Task prompt:
The expected result is an exact restatement of the data, free of pictures.

Data supplied:
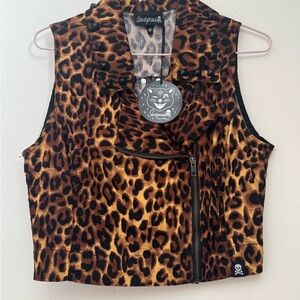 Sourpuss Leopard Print Zippered Vest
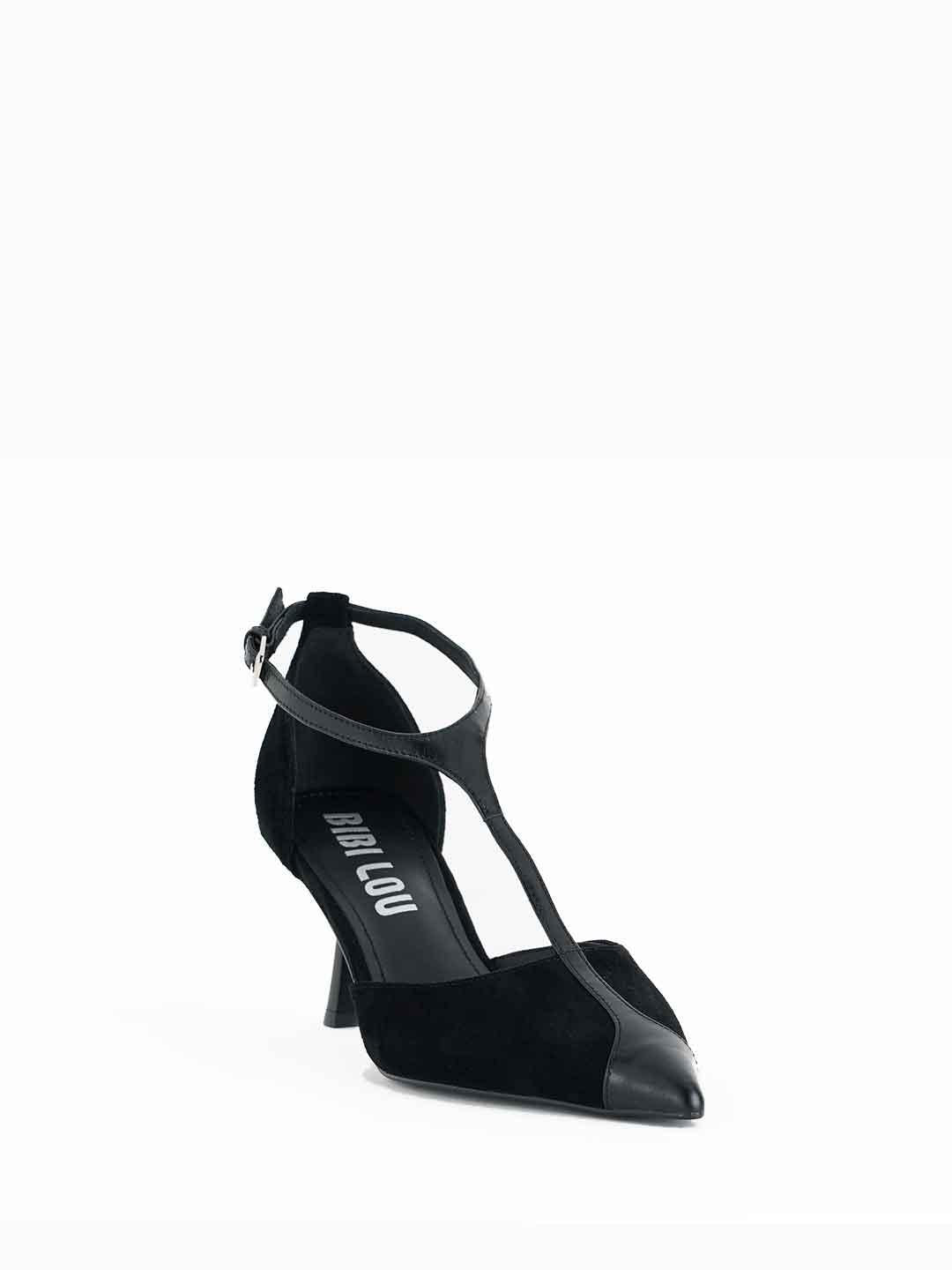 Bibi Lou Canna Pumps decolletè nero con punta in pelle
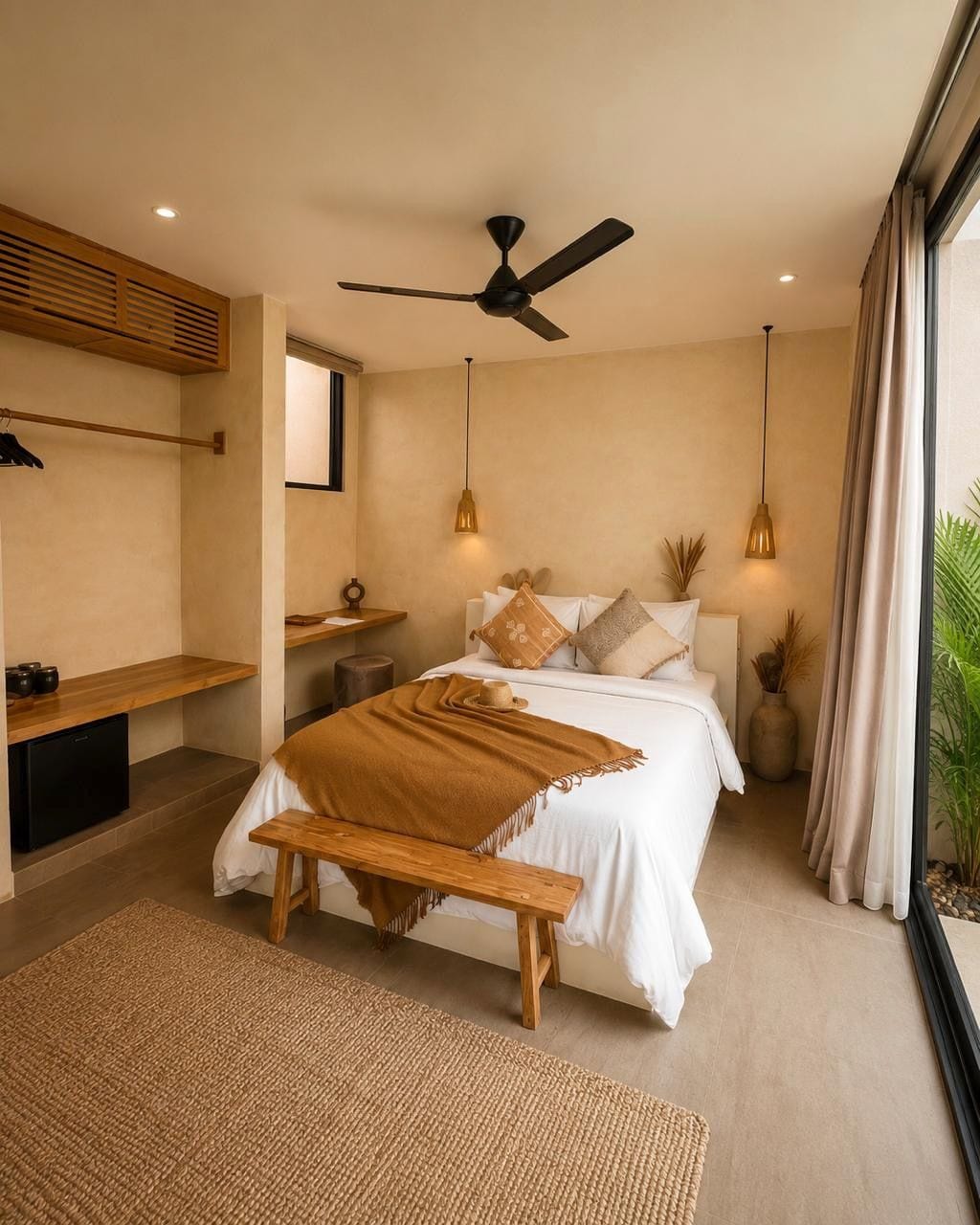 A bedroom with a bed, bedside tables, a bench, a ceiling fan, and a large window.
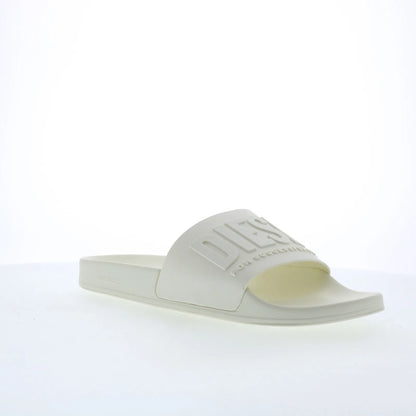 Diesel SA-Mayemi Y02499-P3859-T1015 Mens White Slides Sandals Shoes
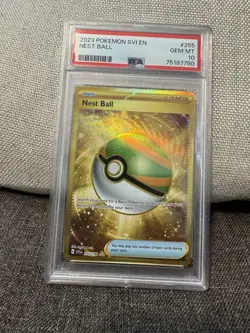 Pokemon Nest Ball 255/198 Scarlet and Violet Gold Full Art PSA 10 - Image 1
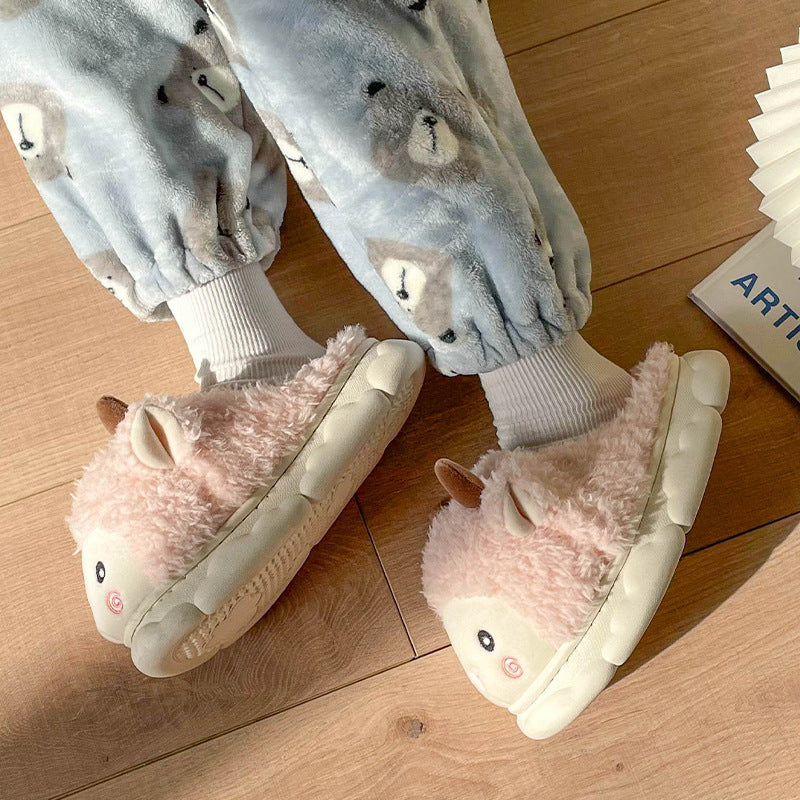 Cute Lamb Cotton Slippers Women's Autumn And Winter 03a3ec35 c193 40f2 9f31 acf97aa6aa38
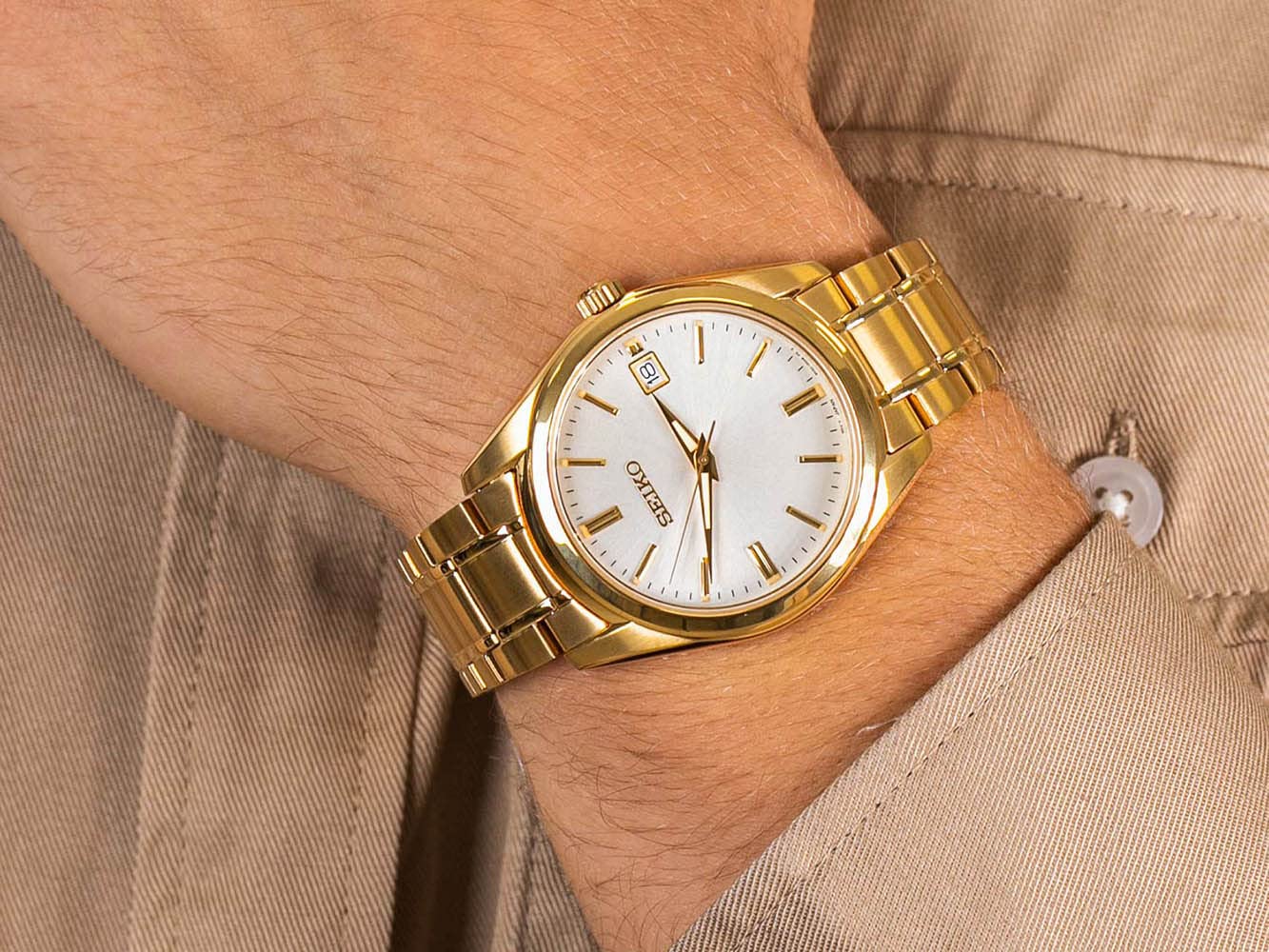 Foto 3 | Reloj Seiko Sur314 Essentials Para Hombre Con Esfera Blanca En Tono Dorado - Venta Internacional.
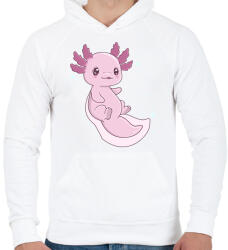 printfashion Cuki axolotl - Férfi kapucnis pulóver - Fehér (14019816)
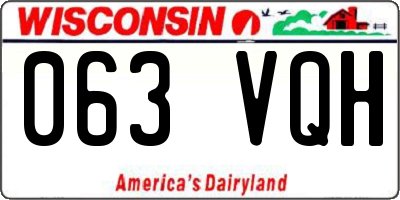 WI license plate 063VQH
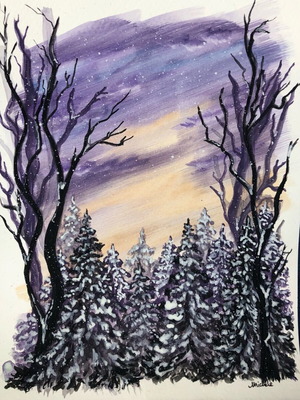 Watercolours art new, winter day 21x29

Output for this task:
 Sourpuss Leopard Print Zippered Vest
 Bibi Lou Canna Pumps decolletè nero con punta in pelle
 A bedroom with a bed, bedside tables, a bench, a ceiling fan, and a large window.
 Diesel SA-Mayemi Y02499-P3859-T1015 Mens White Slides Sandals Shoes
 Pokemon Nest Ball 255/198 Scarlet and Violet Gold Full Art PSA 10 - Image 1
 Cute Lamb Cotton Slippers Women's Autumn And Winter 03a3ec35 c193 40f2 9f31 acf97aa6aa38
 Foto 3 | Reloj Seiko Sur314 Essentials Para Hombre Con Esfera Blanca En Tono Dorado - Venta Internacional.
 printfashion Cuki axolotl - Férfi kapucnis pulóver - Fehér (14019816)
 WI license plate 063VQH
 Watercolours art new, winter day 21x29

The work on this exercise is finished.